= Neolocal residence =

Type of post-marital residence system

Neolocal residence is a type of post-marital residence in which a newly married couple resides separately from both the husband's natal household and the wife's natal household. Neolocal residence forms the basis of most developed nations, especially in the West, and is also found among some nomadic communities.

Upon marriage, each partner is expected to move out of their parents' household and establish a new residence, thus forming the core of an independent nuclear family. Neolocal residence involves the creation of a new household where a child marries or even when they reach adulthood and become socially and economically active. Neolocal residence and nuclear family domestic structures are found in societies where geographical mobility is important. In Western societies, they are consistent with the frequent moves that are necessary due to choices and changes within a supply- and demand-regulated labor market. They are also prevalent in hunting and gathering economies, where nomadic movements are intrinsic to the subsistence strategy.

In western countries, employment in large corporations or the military often calls for frequent relocations, making it nearly impossible for extended families to remain together hence creating new generation of families.

== Description ==
In neolocal residence, newly formed couples form their own separate household units, and create what is considered a nuclear family. This contrasts with other forms of post-marital residence, such as patrilocal residence and matrilocal residence, in which the couple resides with or near the husband's family (patrilocal residence) or the wife's family (matrilocal residence).

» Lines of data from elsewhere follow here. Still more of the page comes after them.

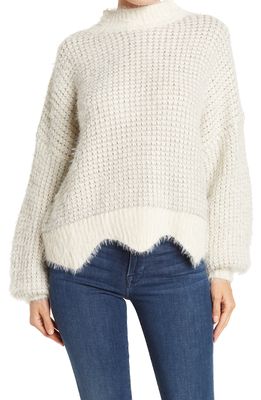 FRNCH Eyelash Pullover Sweater in White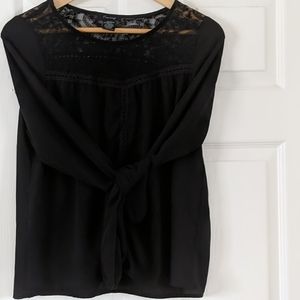 Lace detail, black top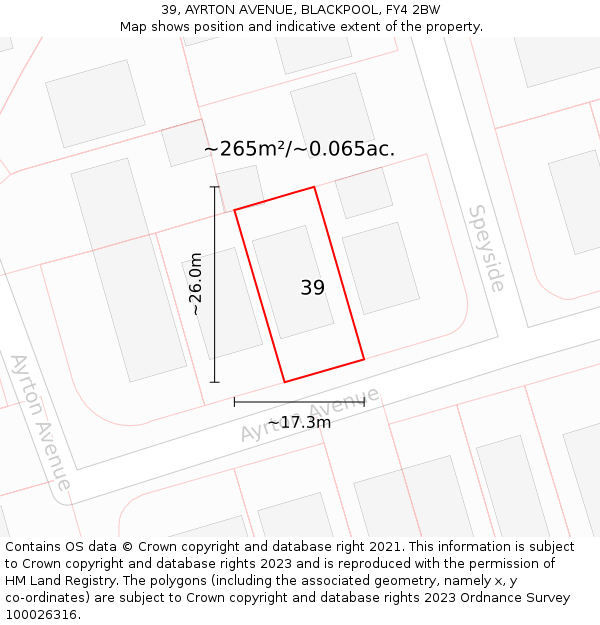 39, AYRTON AVENUE, BLACKPOOL, FY4 2BW: Plot and title map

The first traces of neolocality in modern American culture begin in Northwestern Europe. It was from there brought to British colonies in the Americas. As American colonists expanded westward, this form of residence remained. Although some believe neolocal residence came as a result of industrialization, there is evidence of neolocality in England from before industrialization. Whatever the relationship between neolocality and economic development is, what is clear is that the two seem to coincide. Countries that experience economic development tend to also experience declines in multi-generational households, and increases in nuclear, neolocal forms of residence. A reason often cited for the high coincidence of neolocality in developed countries is the higher mobility of nuclear families, which becomes more important in modern economies. The decline of dependency on agricultural subsistence, which results in a weakening of extended family ties, is seen as another cause of nuclear, neolocal household creation. A particular case study of the relationship between economic development and neolocal residence patterns is the community of Navajo Mountain, which showed a positive correlation between the two.

Currently, neolocal residence is more commonly found in the west, and is becoming more common in countries that have experienced economic development, like Japan.